## MATERIAL SUPPLIED
....................

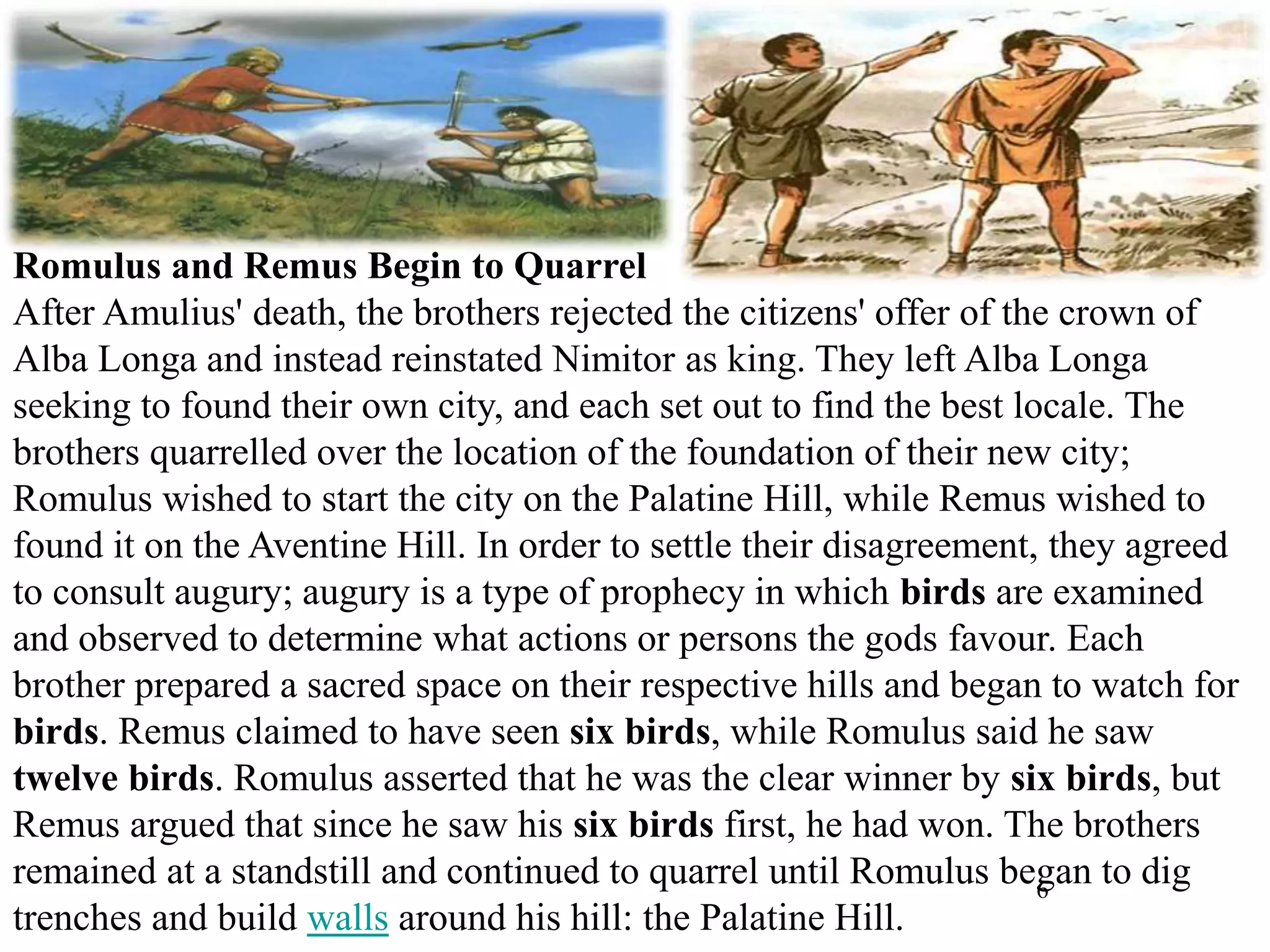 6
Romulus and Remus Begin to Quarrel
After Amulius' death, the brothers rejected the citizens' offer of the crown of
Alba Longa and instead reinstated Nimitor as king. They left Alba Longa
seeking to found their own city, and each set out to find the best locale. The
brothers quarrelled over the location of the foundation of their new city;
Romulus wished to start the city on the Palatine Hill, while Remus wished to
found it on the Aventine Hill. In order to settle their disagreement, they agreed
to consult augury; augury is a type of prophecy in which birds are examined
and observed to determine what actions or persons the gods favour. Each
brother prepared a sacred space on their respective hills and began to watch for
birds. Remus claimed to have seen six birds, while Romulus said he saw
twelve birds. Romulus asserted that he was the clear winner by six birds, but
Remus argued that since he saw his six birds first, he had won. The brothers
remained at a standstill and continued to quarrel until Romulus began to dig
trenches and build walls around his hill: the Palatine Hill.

....................

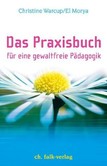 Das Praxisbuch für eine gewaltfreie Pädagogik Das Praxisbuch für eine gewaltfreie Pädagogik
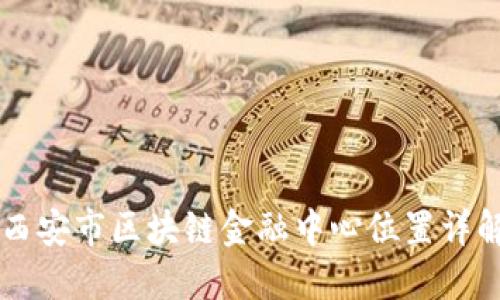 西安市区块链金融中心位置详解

....................

## EXERCISE
Retype word for word everything in the listing above from the line that holds "to consult augury;" down to the line that holds "trenches and build". Keep both end lines and leave out the rest.

## SOLUTION FOR THIS EXERCISE
to consult augury; augury is a type of prophecy in which birds are examined
and observed to determine what actions or persons the gods favour. Each
brother prepared a sacred space on their respective hills and began to watch for
birds. Remus claimed to have seen six birds, while Romulus said he saw
twelve birds. Romulus asserted that he was the clear winner by six birds, but
Remus argued that since he saw his six birds first, he had won. The brothers
remained at a standstill and continued to quarrel until Romulus began to dig
trenches and build walls around his hill: the Palatine Hill.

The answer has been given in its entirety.